### ASSIGNMENT
Everything in the records except the pictures must be copied out exactly.

### RAW DATA
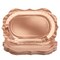 24 Pack Disposable Rose Gold Foil Paper Serving Trays for Parties, Wedding, Birthday (9 x 13 In)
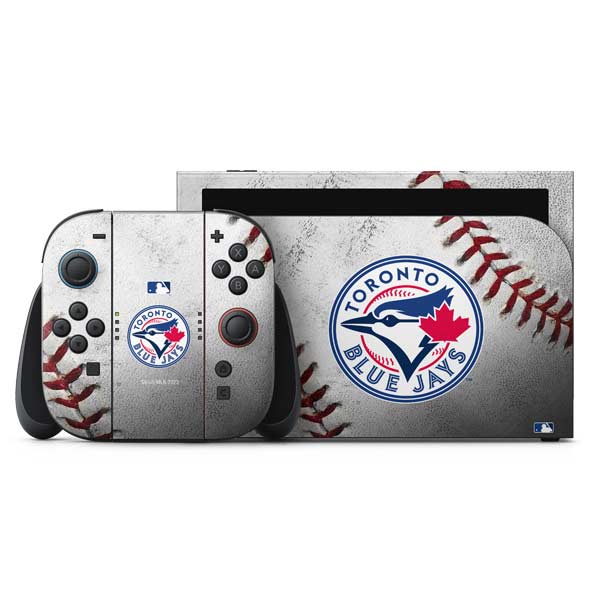 MLB Toronto Blue Jays Game Ball Nintendo Switch 2 (2025) with Joy-Con Skin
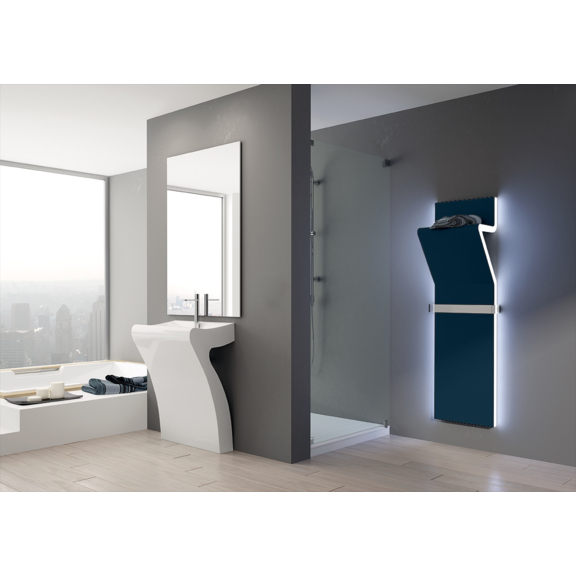 IRSAP Tratto Designheizkörper Farbe Deep Blue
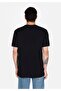 Regular Fit Round Neck Cotton Pack Jacquard Men's Black Short Sleeve T-Shirt - 2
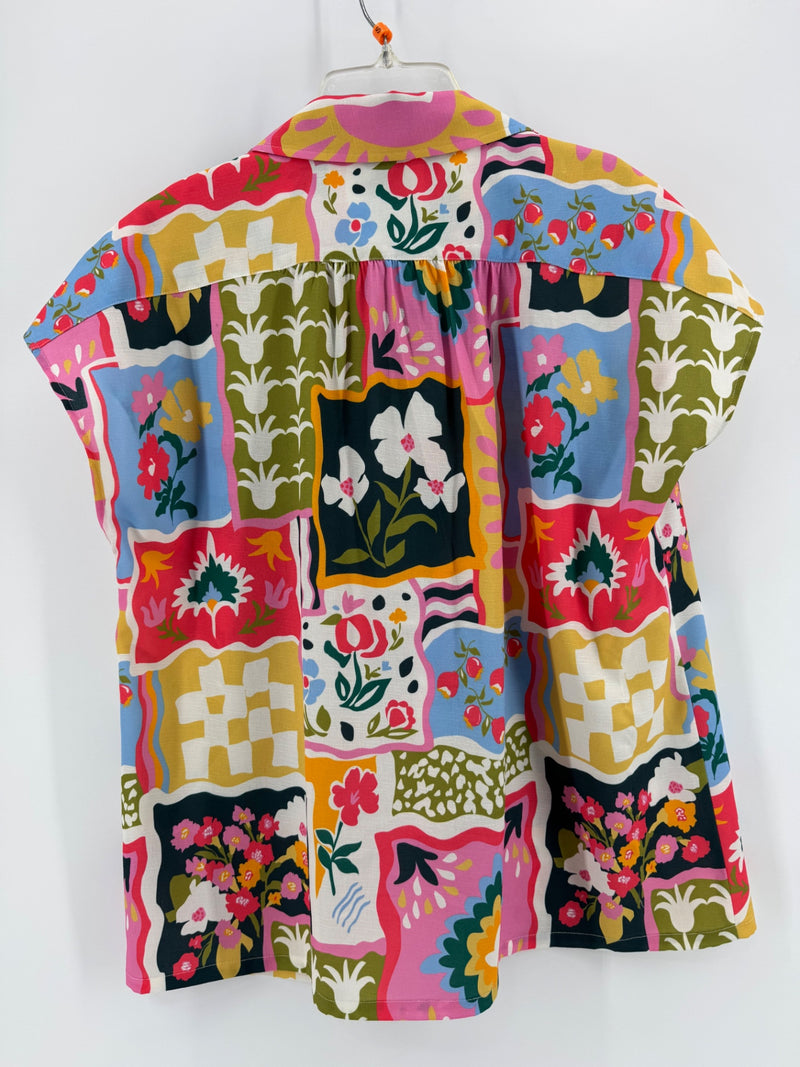 Crosby Multicolor Floral Button Up Size SM
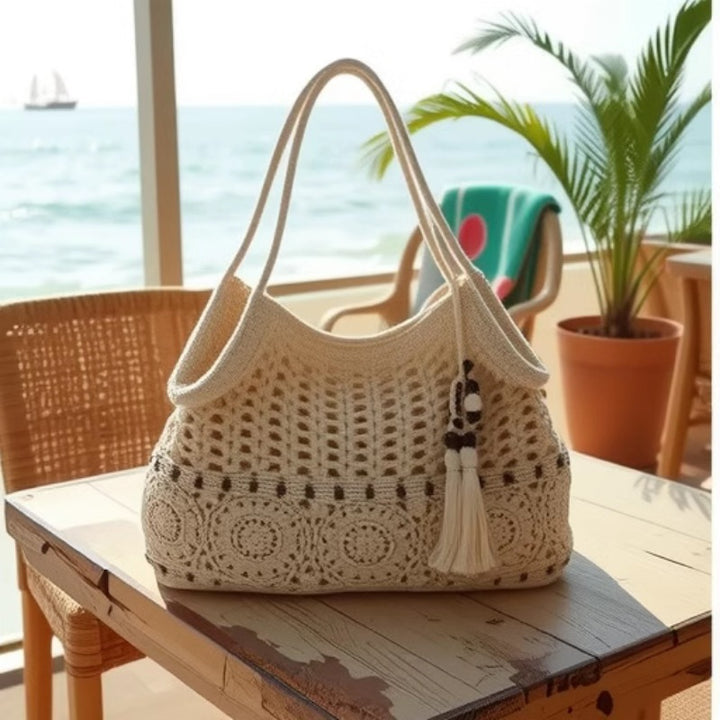 Handmade Crocheted Shoulder Bag Stornfield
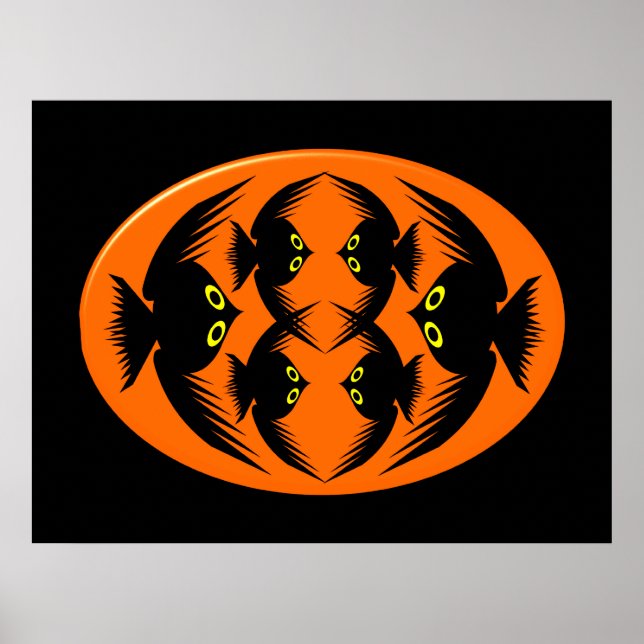 Halloween-Kråkor Poster (Framsidan)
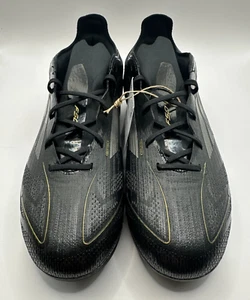 NEW Adidas F50 Pro FG K Soccer Cleats Black Gold IF1358 Men's Size 5 Women's 6 - Picture 1 of 7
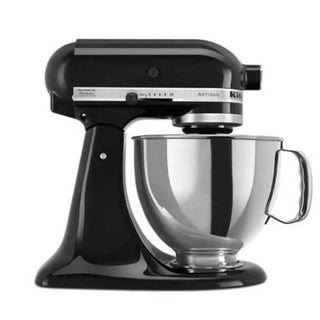 KitchenAid | 4.8L Artisan Tilt-Head Stand Mixer | Onyx Black | 300W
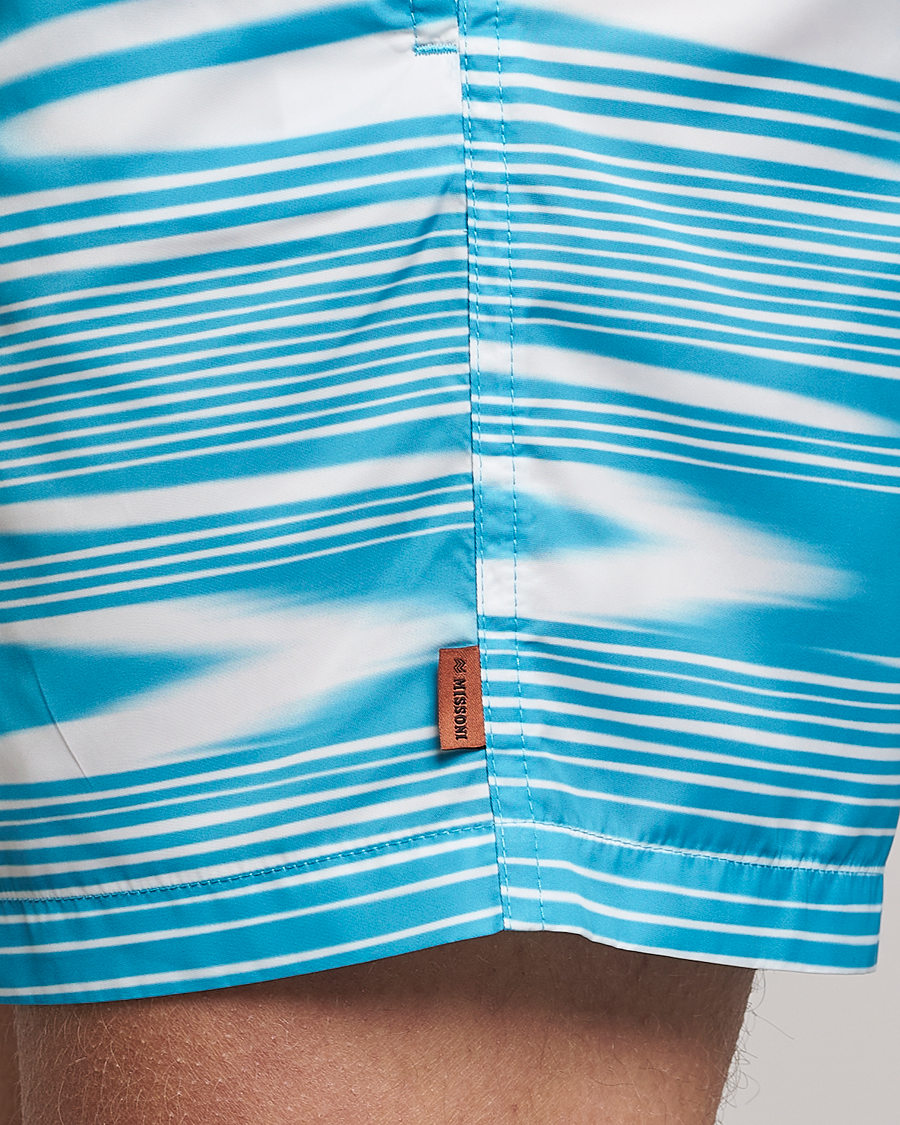 Herre | Badebukser | Missoni | Space Dye Swim Trunks Light Blue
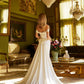 Form-Fitting Wedding Dress  A Sweetheart Neckline, Off-Shoulder - Farnelli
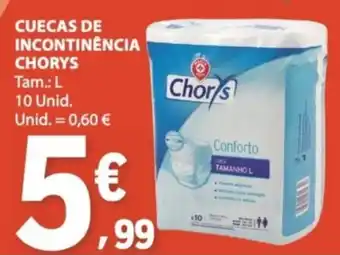 E.Leclerc Cuecas de incontinência chorys promoção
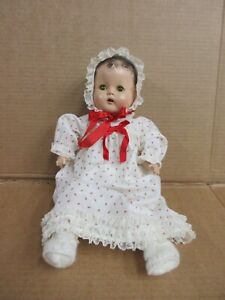 Vintage 1930s Composition Baby Doll with Sleepy Eyes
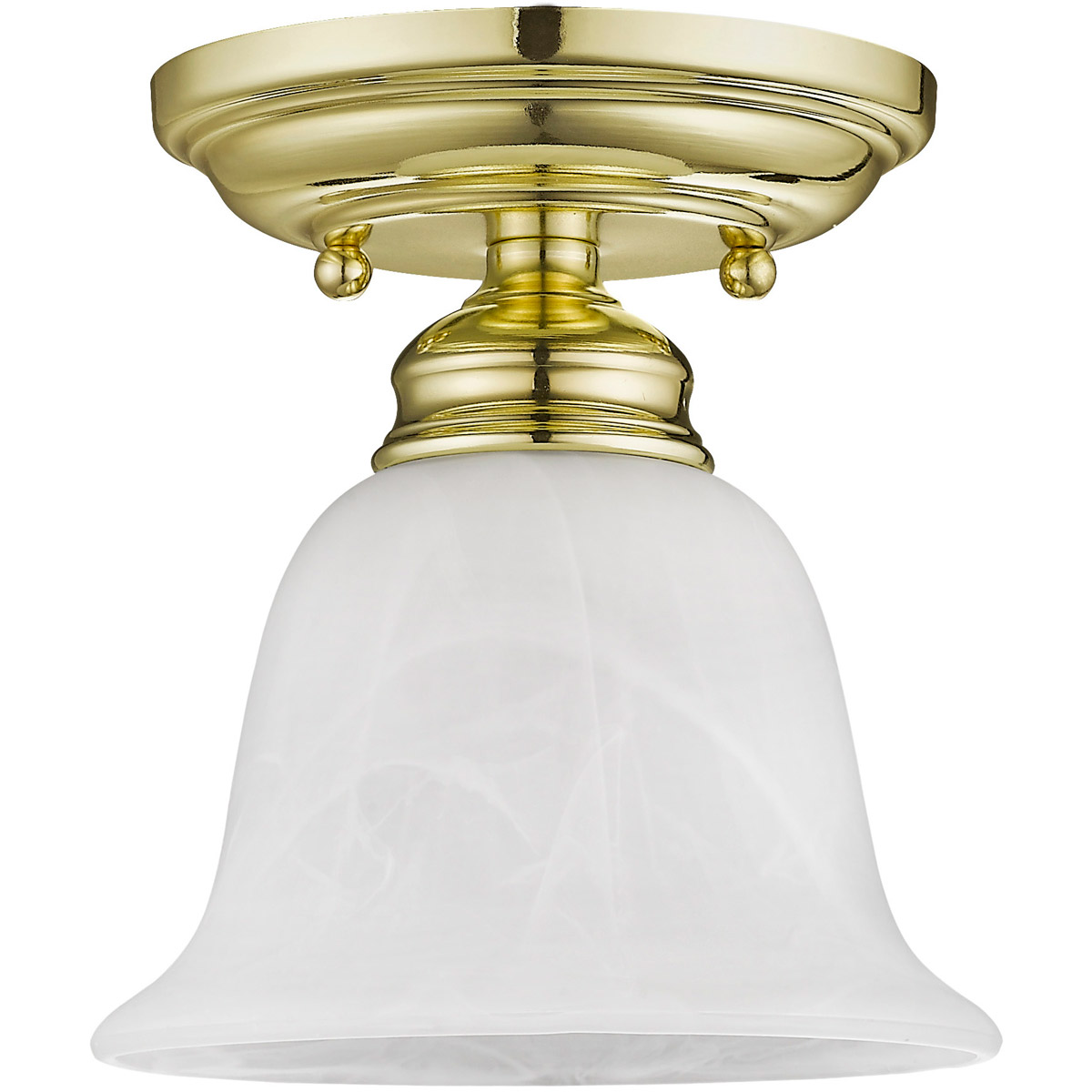 Livex 135002 Essex 1 Light 6 inch Polished Brass Ceiling Mount Ceiling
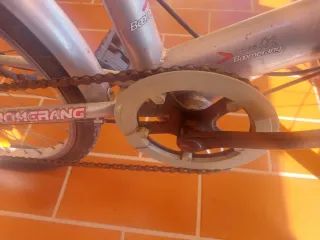 Bicicleta Plegable Boomerang Plata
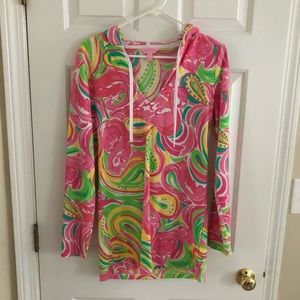 Lilly Pulitzer Terry cloth beach cover-up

### OUTPUT FOR THIS TASK
 24 Pack Disposable Rose Gold Foil Paper Serving Trays for Parties, Wedding, Birthday (9 x 13 In)
 MLB Toronto Blue Jays Game Ball Nintendo Switch 2 (2025) with Joy-Con Skin
 IRSAP Tratto Designheizkörper Farbe Deep Blue
 Regular Fit Round Neck Cotton Pack Jacquard Men's Black Short Sleeve T-Shirt - 2
 Crosby Multicolor Floral Button Up Size SM
 Handmade Crocheted Shoulder Bag Stornfield
 Halloween-Kråkor Poster (Framsidan)
 NEW Adidas F50 Pro FG K Soccer Cleats Black Gold IF1358 Men's Size 5 Women's 6 - Picture 1 of 7
 KitchenAid | 4.8L Artisan Tilt-Head Stand Mixer | Onyx Black | 300W
 Herre | Badebukser | Missoni | Space Dye Swim Trunks Light Blue
 Form-Fitting Wedding Dress  A Sweetheart Neckline, Off-Shoulder - Farnelli
 E.Leclerc Cuecas de incontinência chorys promoção
 Vintage 1930s Composition Baby Doll with Sleepy Eyes
 Livex 135002 Essex 1 Light 6 inch Polished Brass Ceiling Mount Ceiling
 Bicicleta Plegable Boomerang Plata
 Lilly Pulitzer Terry cloth beach cover-up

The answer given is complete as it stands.